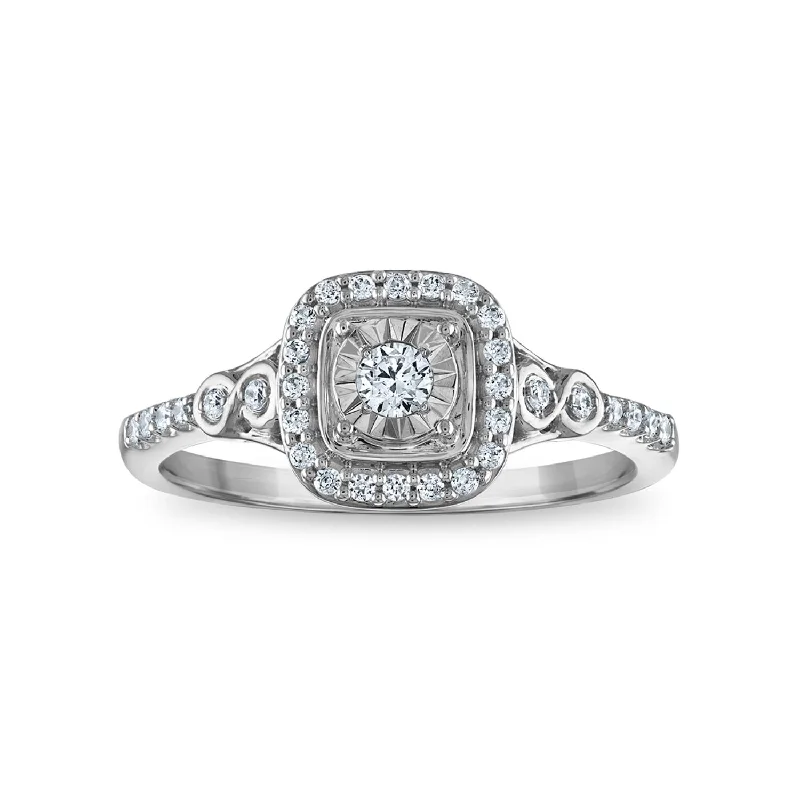 Blue Diamond Engagement Ring-LoveSong EcoLove 1/4 CTW Lab Grown Diamond Halo Promise Ring in Rhodium Plated Sterling Silver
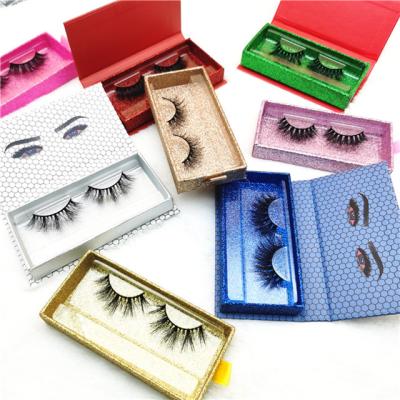 China Hot Selling Luxury Natural Private Label 18MM 3D 5D Long Tapered Russian Long Eyelashes With Custom Box Packing for sale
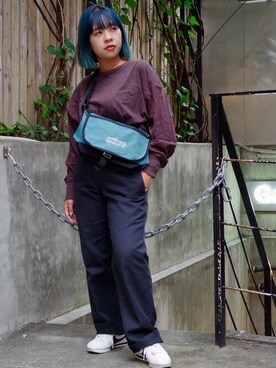 「アイテム（メッセンジャーバッグ、ブルー系）」を使った、Manhattan Portage Staffさん（レディース・152cm）の夏コーディネート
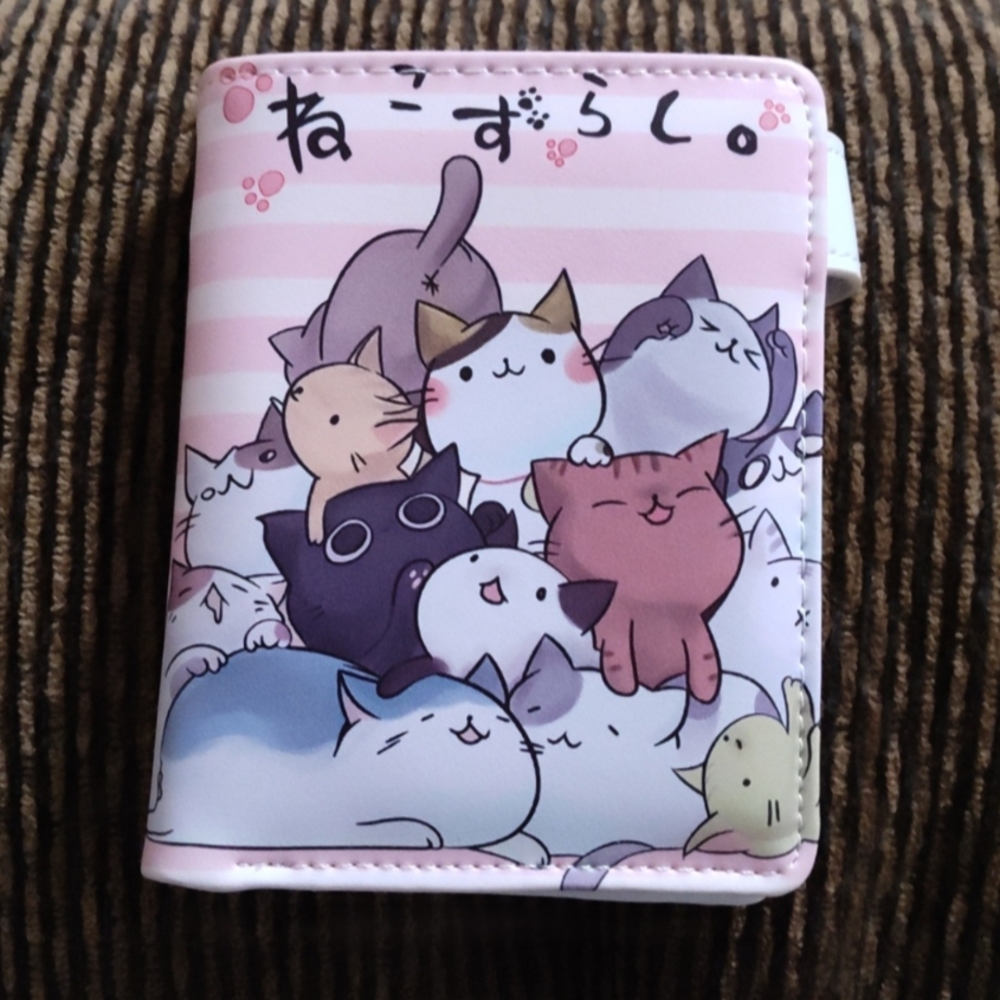 Cute Cat-Themed Wallet - Pink and White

####################

Minus its pictures, the full listing should be copied verbatim.

 Blue Diamond Engagement Ring-LoveSong EcoLove 1/4 CTW Lab Grown Diamond Halo Promise Ring in Rhodium Plated Sterling Silver
 China Hot Selling Luxury Natural Private Label 18MM 3D 5D Long Tapered Russian Long Eyelashes With Custom Box Packing for sale
 「アイテム（メッセンジャーバッグ、ブルー系）」を使った、Manhattan Portage Staffさん（レディース・152cm）の夏コーディネート
 Cute Cat-Themed Wallet - Pink and White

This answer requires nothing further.